Um And also going back to the point about bias testing, you know, I talked about regulators mostly but um should these uh you know, should this information about bias be made available to the public? So they can decide if they want um they want these algorithms in their communities, right? So how the communities are integrated, how much autonomy they have in making these decisions? Um Yeah. Oh And back to Eileen. Um again, I'm just reading these out for folks who are um maybe don't have the chat open, which is totally fine uh using N LP and categorizing phrases and survey data for instance. Yeah, that's a really good point. I know that um especially how language um like how folks like end up, like how folks talk, for example, maybe in immigrant communities uh N LP can, if you like, aren't careful, can structure data um and invalidate some responses. So making sure that um just making sure like what insights are there and then also when we classify and clean up and like post process, what can show up there. So, yeah, I see. Do you believe citizens commissions might be an opportunity to educate um and provide solutions? Um I'm not sure what you mean by citizen commissions, but um I am always down for educating uh more and sourcing potential solutions. Yeah.

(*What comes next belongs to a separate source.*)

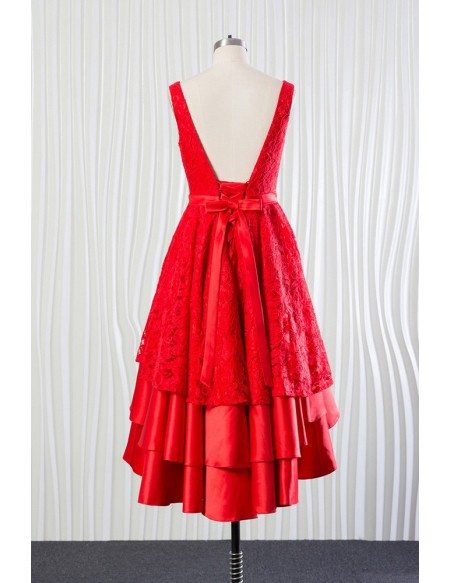 Tiered Lace Satin Red Party Dress Short for Wedding Receptions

Um Yeah, I think um I'm not sure about the moderation, but I think we're just at time, I'm seeing a lot of other comments like, thank you so much for chiming in. Again. These are really reflection questions that we're all thinking about and learning from. So um if you're looking for more resources to learn about this, happy to uh happy to connect, happy to send you some of the examples from these articles that we lifted and some of the research papers that we pulled our knowledge from so very much appreciative of all of you coming to join and listen in on this.

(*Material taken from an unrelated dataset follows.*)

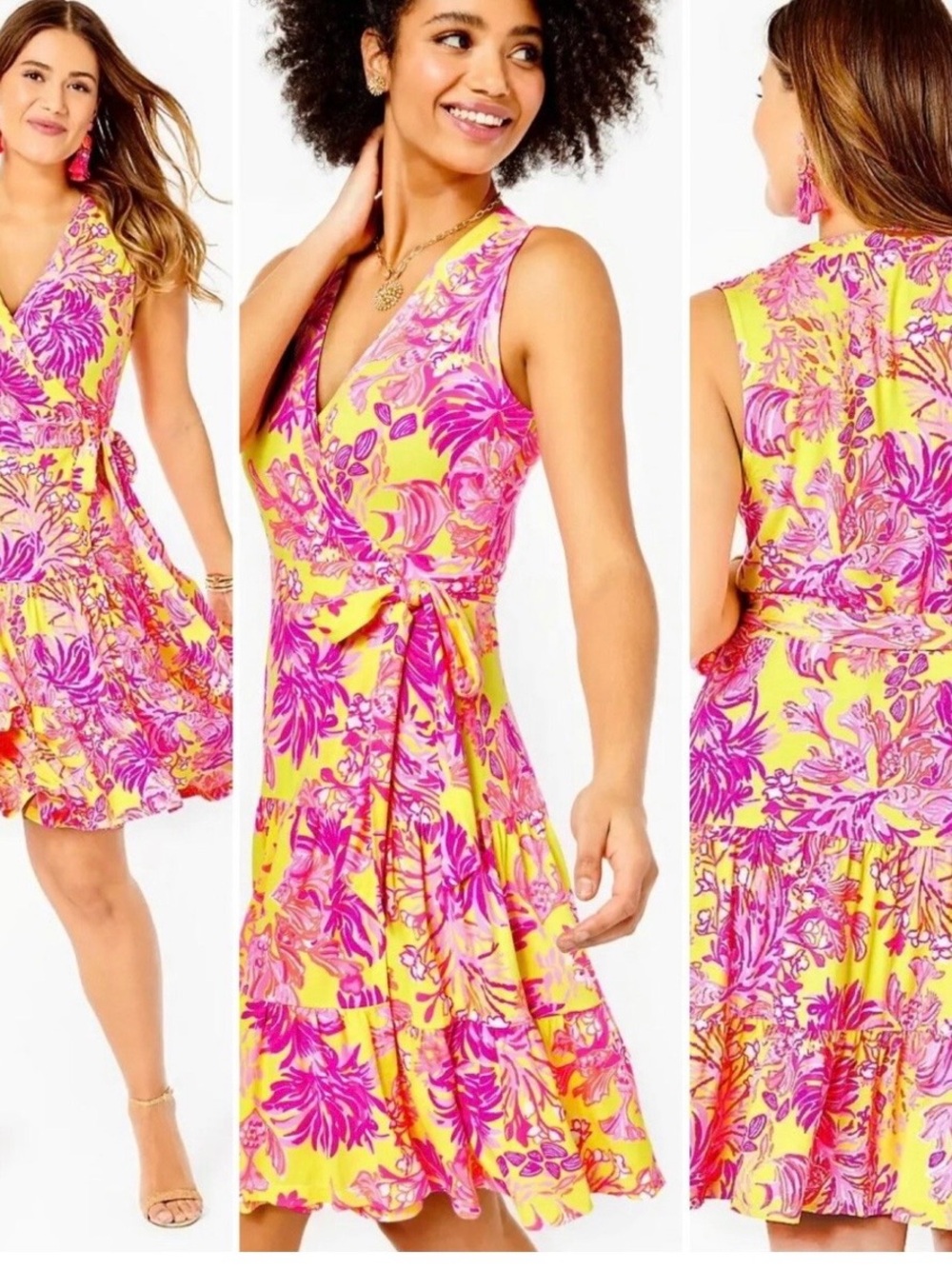 Lilly Pulitzer Folly Floral Wrap Dress – Calla Yellow XL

So, yeah, thank you. Thank you so much again. Um And I'm seeing again, I'm seeing a lot of like knowledge in the chat as well. So if you want to drop your linkedin, your email, whatever works for you to connect with other folks on here. Um Would that would be amazing. So, thanks so much again. Um And I think I'm going to close out or check in with our moderator, but I'll drop my information one more time in the chat for anyone who wants to say hi.